* **Work order**:
Set down, please, exactly the lines below that run from the line with "Welcome Home to" to the line with "Volkswagen Tiguan Generation", both lines included.
::: Extracted entries :::
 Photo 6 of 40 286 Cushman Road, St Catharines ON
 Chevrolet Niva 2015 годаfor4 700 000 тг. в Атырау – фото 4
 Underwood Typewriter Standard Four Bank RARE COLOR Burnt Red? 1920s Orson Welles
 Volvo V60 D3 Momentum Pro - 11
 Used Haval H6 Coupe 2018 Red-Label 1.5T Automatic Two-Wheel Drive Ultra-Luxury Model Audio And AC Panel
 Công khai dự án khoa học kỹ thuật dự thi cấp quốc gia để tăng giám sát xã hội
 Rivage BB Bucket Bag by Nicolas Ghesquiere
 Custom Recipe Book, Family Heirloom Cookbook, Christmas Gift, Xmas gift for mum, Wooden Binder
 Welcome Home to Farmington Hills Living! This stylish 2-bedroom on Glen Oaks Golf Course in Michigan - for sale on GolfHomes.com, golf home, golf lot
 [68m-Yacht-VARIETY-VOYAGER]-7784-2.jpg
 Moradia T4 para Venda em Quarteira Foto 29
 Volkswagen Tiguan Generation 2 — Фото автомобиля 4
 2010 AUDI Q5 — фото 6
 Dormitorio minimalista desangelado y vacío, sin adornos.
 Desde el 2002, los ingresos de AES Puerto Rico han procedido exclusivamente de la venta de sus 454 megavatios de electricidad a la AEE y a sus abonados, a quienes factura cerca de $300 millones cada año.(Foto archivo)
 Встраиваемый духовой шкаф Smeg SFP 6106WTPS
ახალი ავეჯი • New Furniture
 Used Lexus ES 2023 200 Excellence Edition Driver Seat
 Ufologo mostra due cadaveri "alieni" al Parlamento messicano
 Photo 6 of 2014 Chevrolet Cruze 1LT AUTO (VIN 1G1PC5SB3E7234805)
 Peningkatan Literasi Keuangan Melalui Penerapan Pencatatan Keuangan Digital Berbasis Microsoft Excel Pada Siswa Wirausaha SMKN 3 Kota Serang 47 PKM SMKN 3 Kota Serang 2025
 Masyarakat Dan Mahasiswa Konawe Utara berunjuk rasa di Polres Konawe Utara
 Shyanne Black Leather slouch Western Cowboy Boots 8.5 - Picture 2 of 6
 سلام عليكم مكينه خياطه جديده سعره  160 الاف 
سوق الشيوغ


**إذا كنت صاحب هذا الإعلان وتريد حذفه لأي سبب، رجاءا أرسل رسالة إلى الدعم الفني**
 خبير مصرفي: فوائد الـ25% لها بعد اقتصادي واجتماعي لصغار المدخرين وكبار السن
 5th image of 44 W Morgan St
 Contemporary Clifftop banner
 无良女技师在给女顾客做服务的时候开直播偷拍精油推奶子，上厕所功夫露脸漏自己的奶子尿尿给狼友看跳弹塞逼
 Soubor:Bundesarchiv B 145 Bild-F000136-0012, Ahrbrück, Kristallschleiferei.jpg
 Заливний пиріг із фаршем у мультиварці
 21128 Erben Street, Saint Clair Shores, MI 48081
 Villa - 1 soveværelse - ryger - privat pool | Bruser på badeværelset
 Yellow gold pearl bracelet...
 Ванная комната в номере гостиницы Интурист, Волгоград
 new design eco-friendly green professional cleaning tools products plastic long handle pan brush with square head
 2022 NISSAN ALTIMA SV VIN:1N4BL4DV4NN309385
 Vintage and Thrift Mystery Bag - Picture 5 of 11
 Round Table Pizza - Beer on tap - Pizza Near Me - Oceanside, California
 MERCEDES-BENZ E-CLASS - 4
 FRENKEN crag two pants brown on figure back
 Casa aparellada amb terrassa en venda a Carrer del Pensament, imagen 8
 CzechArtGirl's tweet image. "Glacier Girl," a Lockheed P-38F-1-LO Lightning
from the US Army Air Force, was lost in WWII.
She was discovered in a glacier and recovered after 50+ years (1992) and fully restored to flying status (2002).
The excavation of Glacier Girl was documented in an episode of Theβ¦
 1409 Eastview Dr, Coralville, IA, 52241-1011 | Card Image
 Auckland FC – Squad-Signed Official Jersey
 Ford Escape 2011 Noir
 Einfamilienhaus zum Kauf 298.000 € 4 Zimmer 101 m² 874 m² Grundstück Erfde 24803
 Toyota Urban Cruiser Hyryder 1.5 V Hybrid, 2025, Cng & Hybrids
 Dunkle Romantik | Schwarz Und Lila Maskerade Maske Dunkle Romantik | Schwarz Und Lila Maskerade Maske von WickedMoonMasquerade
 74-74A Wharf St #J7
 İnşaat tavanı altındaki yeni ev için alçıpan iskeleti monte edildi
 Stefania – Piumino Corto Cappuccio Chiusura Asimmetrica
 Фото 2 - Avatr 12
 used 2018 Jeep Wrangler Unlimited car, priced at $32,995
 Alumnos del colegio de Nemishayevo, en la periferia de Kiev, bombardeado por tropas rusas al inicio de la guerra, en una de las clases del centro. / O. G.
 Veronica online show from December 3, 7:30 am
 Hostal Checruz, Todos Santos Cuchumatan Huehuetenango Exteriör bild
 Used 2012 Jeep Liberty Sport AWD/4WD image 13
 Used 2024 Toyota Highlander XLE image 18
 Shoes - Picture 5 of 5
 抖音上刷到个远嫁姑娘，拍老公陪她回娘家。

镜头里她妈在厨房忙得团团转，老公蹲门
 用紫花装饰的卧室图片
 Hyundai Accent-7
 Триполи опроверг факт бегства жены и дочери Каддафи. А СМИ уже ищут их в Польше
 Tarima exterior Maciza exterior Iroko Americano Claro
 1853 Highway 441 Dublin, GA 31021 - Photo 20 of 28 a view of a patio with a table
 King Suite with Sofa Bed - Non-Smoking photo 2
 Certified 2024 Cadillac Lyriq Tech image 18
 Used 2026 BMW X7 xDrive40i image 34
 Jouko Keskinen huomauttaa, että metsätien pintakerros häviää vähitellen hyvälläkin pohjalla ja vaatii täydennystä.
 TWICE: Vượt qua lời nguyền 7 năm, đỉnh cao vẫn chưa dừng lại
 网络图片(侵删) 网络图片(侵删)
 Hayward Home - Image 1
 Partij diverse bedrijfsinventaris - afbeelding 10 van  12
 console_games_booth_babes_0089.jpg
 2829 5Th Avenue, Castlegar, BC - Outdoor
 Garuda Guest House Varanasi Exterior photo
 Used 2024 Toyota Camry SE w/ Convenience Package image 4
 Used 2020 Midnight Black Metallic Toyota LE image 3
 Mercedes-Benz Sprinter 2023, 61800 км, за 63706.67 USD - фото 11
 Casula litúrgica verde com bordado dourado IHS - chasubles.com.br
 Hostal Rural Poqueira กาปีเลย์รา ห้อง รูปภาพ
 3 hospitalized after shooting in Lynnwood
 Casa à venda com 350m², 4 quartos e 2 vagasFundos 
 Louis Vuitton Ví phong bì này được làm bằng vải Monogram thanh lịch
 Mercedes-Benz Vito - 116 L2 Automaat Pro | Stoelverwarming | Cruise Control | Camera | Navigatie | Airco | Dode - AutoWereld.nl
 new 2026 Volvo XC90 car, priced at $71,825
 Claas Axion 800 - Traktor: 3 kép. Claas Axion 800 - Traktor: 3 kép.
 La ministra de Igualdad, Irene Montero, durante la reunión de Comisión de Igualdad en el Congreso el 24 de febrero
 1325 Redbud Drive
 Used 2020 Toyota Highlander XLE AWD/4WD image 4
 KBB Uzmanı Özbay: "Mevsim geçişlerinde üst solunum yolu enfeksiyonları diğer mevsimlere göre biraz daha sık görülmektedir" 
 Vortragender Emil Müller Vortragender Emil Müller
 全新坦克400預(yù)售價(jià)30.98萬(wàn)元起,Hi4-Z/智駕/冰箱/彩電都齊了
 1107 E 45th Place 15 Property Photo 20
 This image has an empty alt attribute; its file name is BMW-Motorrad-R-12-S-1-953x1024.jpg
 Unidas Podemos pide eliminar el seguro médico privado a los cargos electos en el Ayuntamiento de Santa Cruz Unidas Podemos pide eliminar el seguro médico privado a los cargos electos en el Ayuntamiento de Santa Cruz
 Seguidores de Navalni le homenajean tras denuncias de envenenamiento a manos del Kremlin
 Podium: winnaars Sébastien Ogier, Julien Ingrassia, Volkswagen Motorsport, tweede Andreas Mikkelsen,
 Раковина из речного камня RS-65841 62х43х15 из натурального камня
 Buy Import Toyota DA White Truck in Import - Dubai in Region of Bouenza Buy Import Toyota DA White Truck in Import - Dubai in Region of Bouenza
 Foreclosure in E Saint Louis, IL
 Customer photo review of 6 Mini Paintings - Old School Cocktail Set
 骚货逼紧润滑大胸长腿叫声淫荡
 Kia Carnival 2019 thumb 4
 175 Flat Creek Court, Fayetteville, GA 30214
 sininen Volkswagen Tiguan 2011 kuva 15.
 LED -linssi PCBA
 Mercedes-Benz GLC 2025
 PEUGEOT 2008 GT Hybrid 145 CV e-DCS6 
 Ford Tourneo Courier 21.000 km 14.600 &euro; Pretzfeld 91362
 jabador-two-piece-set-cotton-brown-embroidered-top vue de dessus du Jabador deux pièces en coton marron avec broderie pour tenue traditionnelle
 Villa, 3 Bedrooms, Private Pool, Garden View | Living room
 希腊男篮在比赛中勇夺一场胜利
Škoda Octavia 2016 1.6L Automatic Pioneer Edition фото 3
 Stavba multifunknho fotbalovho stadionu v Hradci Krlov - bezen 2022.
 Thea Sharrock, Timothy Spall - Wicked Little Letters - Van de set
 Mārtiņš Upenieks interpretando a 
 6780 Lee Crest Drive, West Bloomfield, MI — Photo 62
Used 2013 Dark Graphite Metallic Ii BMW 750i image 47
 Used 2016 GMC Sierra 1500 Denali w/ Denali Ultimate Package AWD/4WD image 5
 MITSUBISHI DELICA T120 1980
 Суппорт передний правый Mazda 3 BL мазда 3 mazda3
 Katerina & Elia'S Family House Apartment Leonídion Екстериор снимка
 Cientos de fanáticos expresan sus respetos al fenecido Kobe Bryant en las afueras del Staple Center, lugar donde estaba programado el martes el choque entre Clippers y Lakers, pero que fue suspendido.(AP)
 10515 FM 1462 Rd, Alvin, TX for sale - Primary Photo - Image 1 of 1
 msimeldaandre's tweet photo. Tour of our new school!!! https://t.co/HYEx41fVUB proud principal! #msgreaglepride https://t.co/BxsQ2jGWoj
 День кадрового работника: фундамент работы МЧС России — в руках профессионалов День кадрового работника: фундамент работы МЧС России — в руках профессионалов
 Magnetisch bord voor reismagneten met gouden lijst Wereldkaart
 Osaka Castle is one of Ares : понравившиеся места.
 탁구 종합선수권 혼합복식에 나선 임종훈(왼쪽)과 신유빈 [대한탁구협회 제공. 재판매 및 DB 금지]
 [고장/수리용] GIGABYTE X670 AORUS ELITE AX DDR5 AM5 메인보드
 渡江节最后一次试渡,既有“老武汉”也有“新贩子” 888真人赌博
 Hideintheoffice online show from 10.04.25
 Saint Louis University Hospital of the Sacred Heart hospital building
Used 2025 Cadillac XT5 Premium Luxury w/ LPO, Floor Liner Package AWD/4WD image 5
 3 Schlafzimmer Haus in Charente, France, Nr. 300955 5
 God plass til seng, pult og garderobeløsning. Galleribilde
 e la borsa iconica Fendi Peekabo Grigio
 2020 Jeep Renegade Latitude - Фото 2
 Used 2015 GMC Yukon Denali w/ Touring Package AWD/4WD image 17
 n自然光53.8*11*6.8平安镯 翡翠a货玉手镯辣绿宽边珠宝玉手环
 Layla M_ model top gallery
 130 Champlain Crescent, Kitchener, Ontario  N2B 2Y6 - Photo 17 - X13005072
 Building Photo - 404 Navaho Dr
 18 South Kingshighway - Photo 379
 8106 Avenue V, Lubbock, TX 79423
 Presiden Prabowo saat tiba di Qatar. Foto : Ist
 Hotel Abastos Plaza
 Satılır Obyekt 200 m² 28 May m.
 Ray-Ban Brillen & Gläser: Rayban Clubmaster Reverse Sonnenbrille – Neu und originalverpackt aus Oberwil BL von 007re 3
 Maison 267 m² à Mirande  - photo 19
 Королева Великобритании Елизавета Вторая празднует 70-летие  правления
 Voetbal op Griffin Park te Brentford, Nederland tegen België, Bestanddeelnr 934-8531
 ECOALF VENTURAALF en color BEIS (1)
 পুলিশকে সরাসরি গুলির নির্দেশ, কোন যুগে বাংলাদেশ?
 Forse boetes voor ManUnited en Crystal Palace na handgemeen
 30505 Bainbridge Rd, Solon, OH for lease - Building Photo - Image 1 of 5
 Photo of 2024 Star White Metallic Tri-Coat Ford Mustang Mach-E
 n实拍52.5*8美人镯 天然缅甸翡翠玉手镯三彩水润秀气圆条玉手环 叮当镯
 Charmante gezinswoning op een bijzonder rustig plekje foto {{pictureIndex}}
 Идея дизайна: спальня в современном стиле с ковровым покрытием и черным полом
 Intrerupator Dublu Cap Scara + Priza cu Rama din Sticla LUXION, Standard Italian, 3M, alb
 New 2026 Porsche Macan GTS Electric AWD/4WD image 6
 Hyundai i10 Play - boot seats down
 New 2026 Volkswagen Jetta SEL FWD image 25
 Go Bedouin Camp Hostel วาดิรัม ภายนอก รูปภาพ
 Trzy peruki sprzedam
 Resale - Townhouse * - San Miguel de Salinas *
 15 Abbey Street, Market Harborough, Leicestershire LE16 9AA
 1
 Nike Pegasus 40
:::
* **Solution to the problem**:
 Welcome Home to Farmington Hills Living! This stylish 2-bedroom on Glen Oaks Golf Course in Michigan - for sale on GolfHomes.com, golf home, golf lot
 [68m-Yacht-VARIETY-VOYAGER]-7784-2.jpg
 Moradia T4 para Venda em Quarteira Foto 29
 Volkswagen Tiguan Generation 2 — Фото автомобиля 4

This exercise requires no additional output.